1. The lease in Julian v. Christopher stated that the premises could not be assigned or sublet "without the prior written consent of the landlord." The tenants did not obtain that consent. Why shouldn't that result in a decision in favor of the landlord? What would be the "legitimate grounds" on which the landlord could withhold consent to an assignment or sublease?
2. Consider this hypothetical: L and T entered into a 10-year lease for office space back in 2008. The premises is located on the 50th floor in a 60-story office tower. The lease provides that T is obligated to pay $20,000/month in rent. Now, in 2013, T's business has now outgrown this space, and T wants to assign its leasehold estate to X for the rest of the lease term. Because the fair rental value of the property is now $25,000/month (market rental values are booming due to local population and economic growth), X has agreed to pay T a lump-sum payment of $150,000 cash for T's leasehold estate, and T will take over making the monthly rental payment due to L. X would make the same type of general office use that T had been making, and X is a Fortune 500 company with a AAA credit rating.

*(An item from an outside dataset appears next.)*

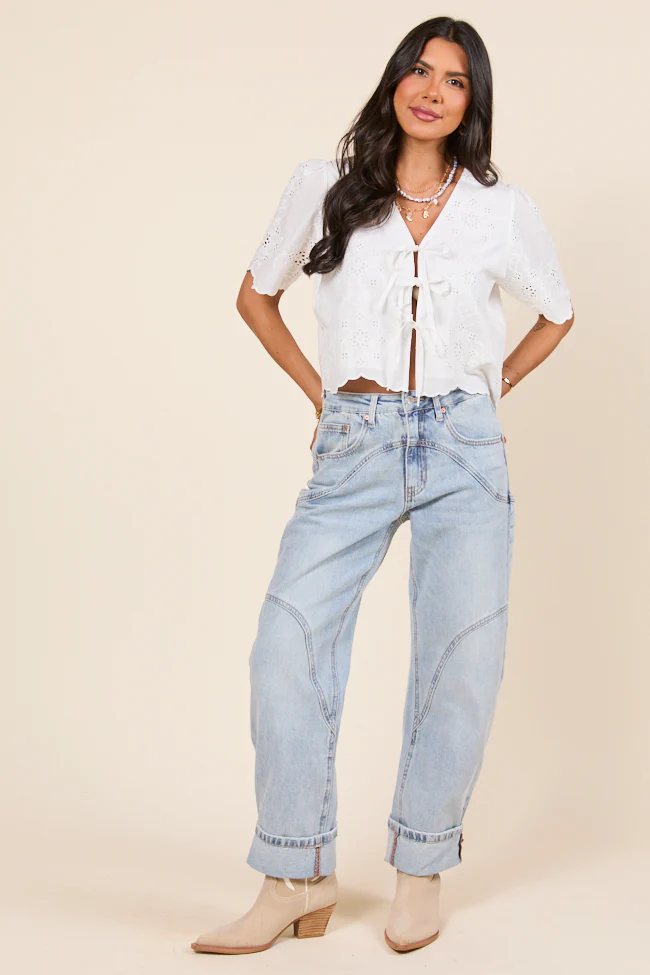River Light Wash Denim Barrel Leg Jeans - Terpint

The lease provides that "T may not assign or sublet the premises without the prior written consent of L." When T asks L for consent to the proposed assignment to T, L refuses and says L will not consent unless X agrees to begin paying rent at the rate of $25,000 per month. Is this case identical to Julian v. Christopher? Why or why not? How would you argue the case if you were representing L? T?

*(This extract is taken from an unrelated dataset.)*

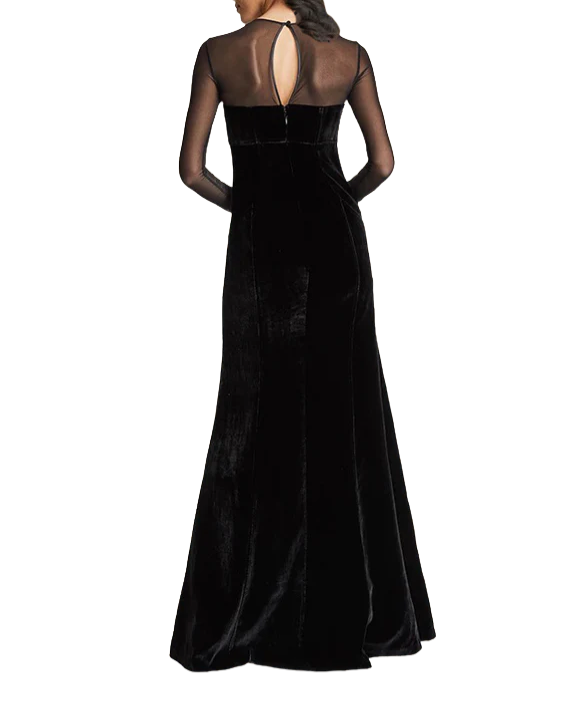 Elegant Women's Velvet Gown with Illusion Neckline - Perfect for Evening Parties, Prom Dresses & Formal Events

3. Consider the problems in note 3(a) on page 422. Would landlord's refusal to consent be considered "reasonable" under a provision that required that landlord would not unreasonably withhold consent?
4. On January 1, 2011, L leased an apartment to T for a 3-year term, at a rental rate of $500/month. T immediately took possession of the apartment. Six months later, T was transferred to another city. T assigned her leasehold estate to T1, who immediately took possession of the apartment. On January 1, 2011, T1 assigned her leasehold estate to T2. Although T2 took possession of the apartment, neither T2 nor anyone else had paid rent to L since December 1, 2012. There is now $2,000 in rent that has accrued but remains unpaid. L wants your advice. From whom can L recover the $2,000? From T? From T1? From T2? Why?
5. In problem 4, suppose that the transfer from T to T1 was structured so that T transferred to T1 the right to possession until December 30, 2013. How would this change your answer, if at all, to the questions in problem 4?
6. Assume that the lease in problem 4 contained a no-transfer clause. What advice would you give to L when T seeks to assign or sublet the premises to T1?
7. In the Ernst v. Conditt case, the original tenant (Rogers) and the transferee (Conditt) characterized their agreement as a "subletting." Why doesn't the court characterize their agreement as a sublease? Is the intent of Rogers and Conditt relevant or irrelevant? If it is relevant, why not treat the language they use as determinative of their intent? Can you explain why, in this circumstance, the parties might specifically have intended for this arrangement to be only a sublease and not an assignment?